*** SUPPLIED RECORDS ***

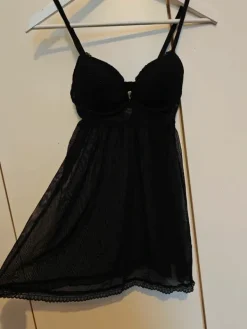 Sale H&M Musta yöasu/alusvaate S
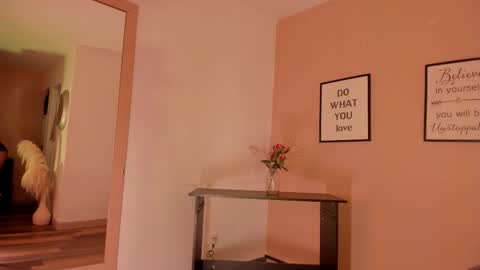 violetta_bold online show from September 10, 11:54 am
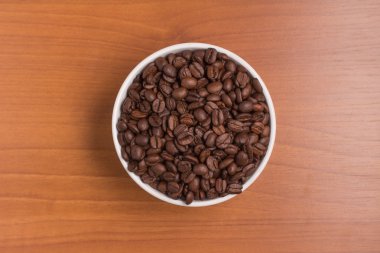 Kahve çekirdekleri bir kase içine. Coffea arabica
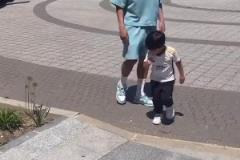 姆巴佩当众被小孩哥打了打,第一次看到姆巴佩被小孩子讨厌啊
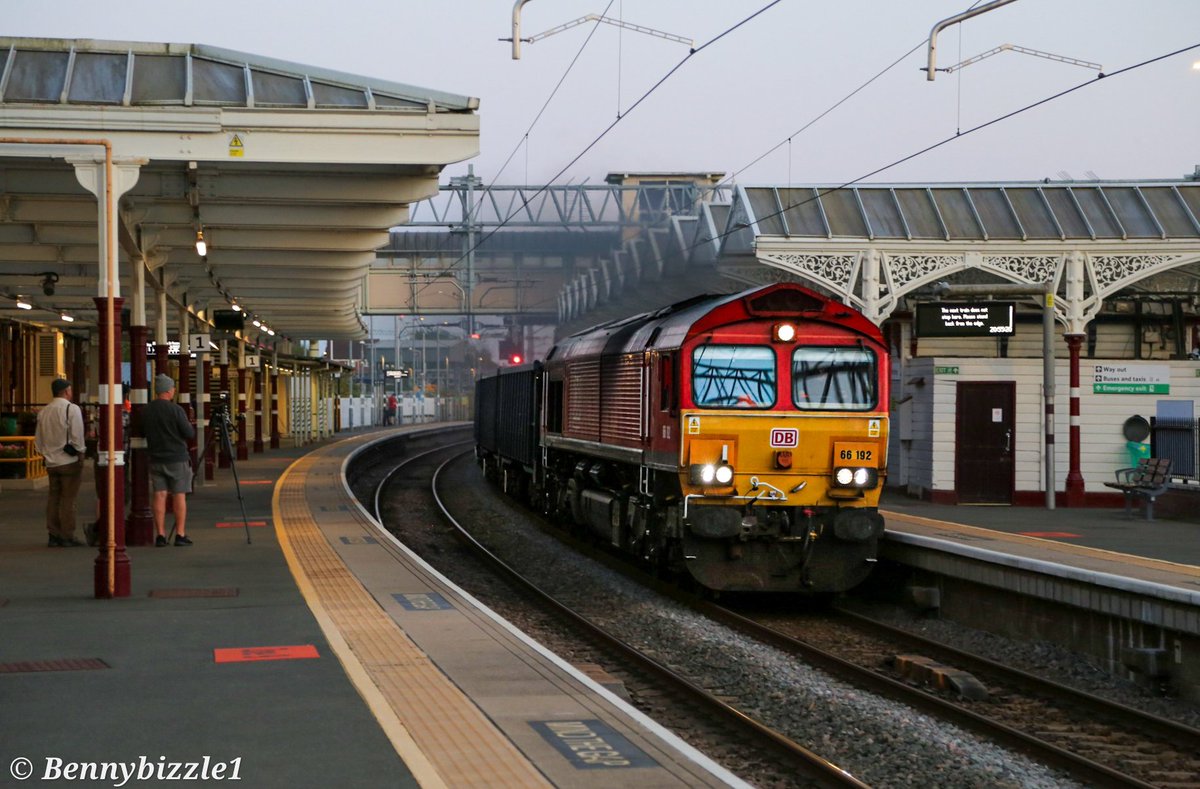 Bennybizzle1's tweet photo. #FreightFriday @DBCargoUK 66192 clags its way through Kettering station on Wednesday evening. Assembled photo gallery waiting the arrival of the 73s. #ShedWatch https://t.co/8L5v9dTV6I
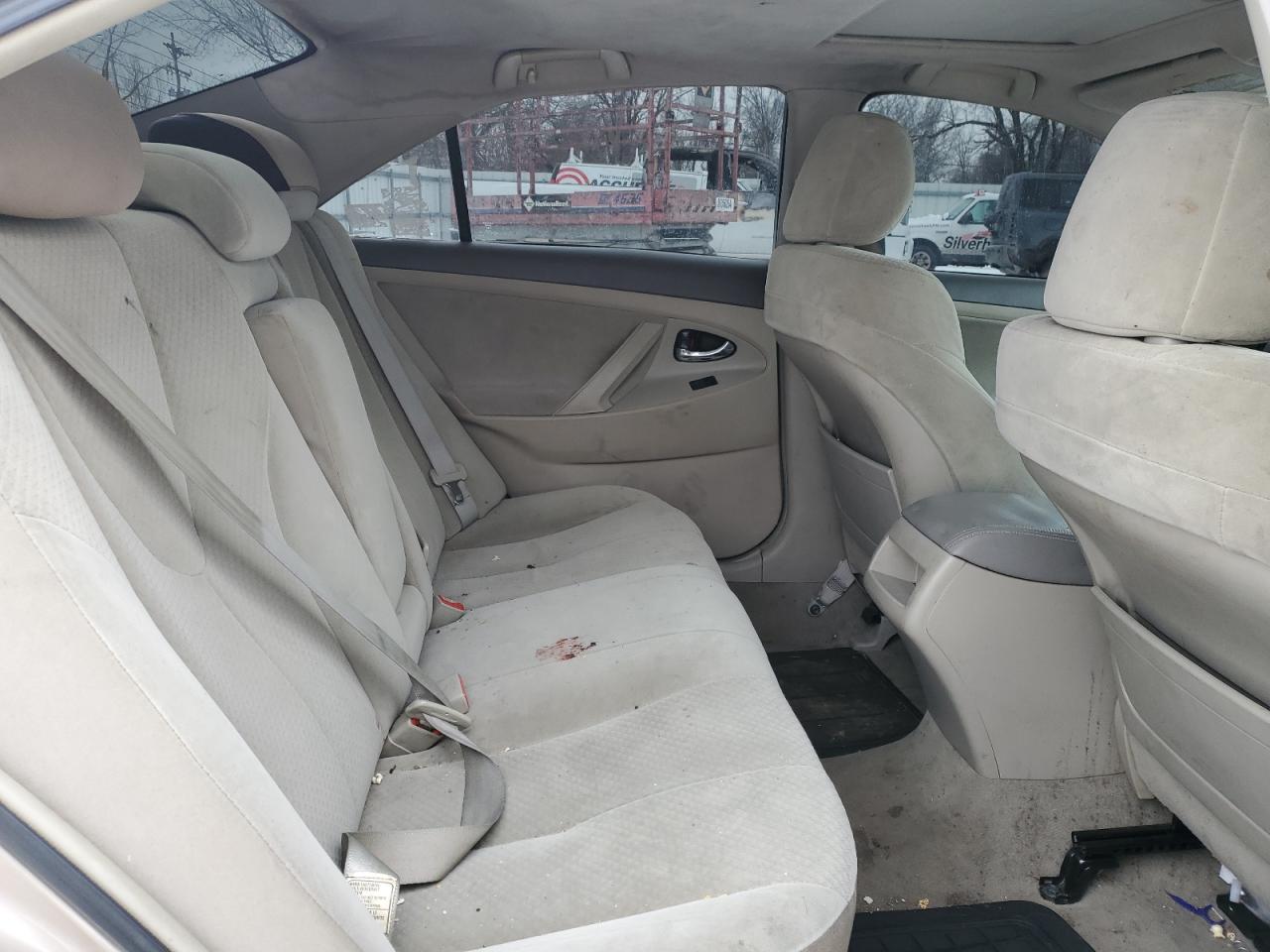 2009 Toyota Camry - Image 10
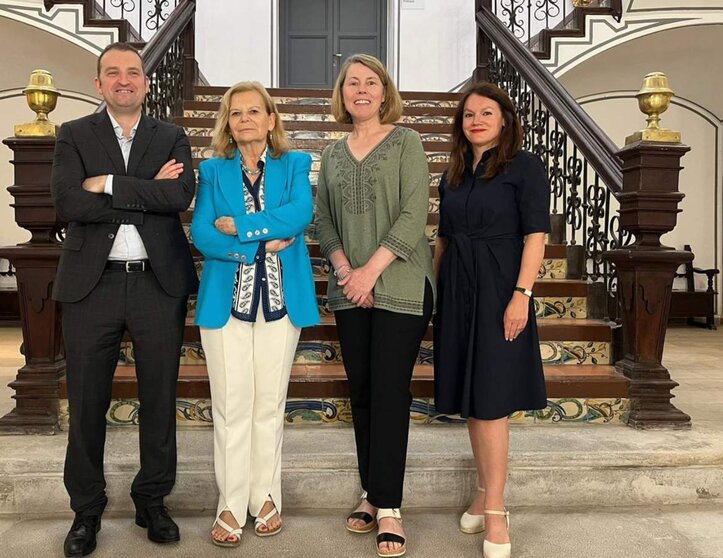  De izquierda a derecha: Jorge Corrales, director general de CEDRO; Carme Riera, presidenta de CEDRO; Tracey Armstrong, presidenta de IFRRO; y Anita Huss-Ekerhult, secretaria general de IFRRO. - CEDRO 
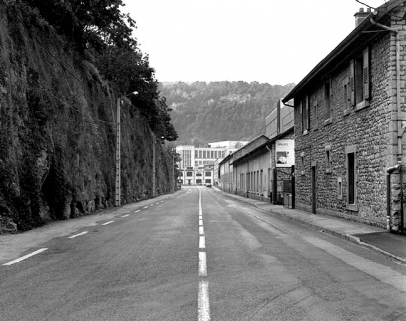 Avenue de Chardonnet : mur de l'usine B et perspective sur l'usine A. © Région Bourgogne-Franche-Comté, Inventaire du patrimoine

***

> **EXERCISE INSTRUCTIONS**
Write out every entry above exactly, minus the pictures.

> **RESPONSE TO THE EXERCISE**
 Sale H&M Musta yöasu/alusvaate S
 violetta_bold online show from September 10, 11:54 am
 Kahve çekirdekleri bir kase içine. Coffea arabica
 姆巴佩当众被小孩哥打了打,第一次看到姆巴佩被小孩子讨厌啊
 Bennybizzle1's tweet photo. #FreightFriday @DBCargoUK 66192 clags its way through Kettering station on Wednesday evening. Assembled photo gallery waiting the arrival of the 73s. #ShedWatch https://t.co/8L5v9dTV6I
 2009 Toyota Camry - Image 10
  De izquierda a derecha: Jorge Corrales, director general de CEDRO; Carme Riera, presidenta de CEDRO; Tracey Armstrong, presidenta de IFRRO; y Anita Huss-Ekerhult, secretaria general de IFRRO. - CEDRO 
 Avenue de Chardonnet : mur de l'usine B et perspective sur l'usine A. © Région Bourgogne-Franche-Comté, Inventaire du patrimoine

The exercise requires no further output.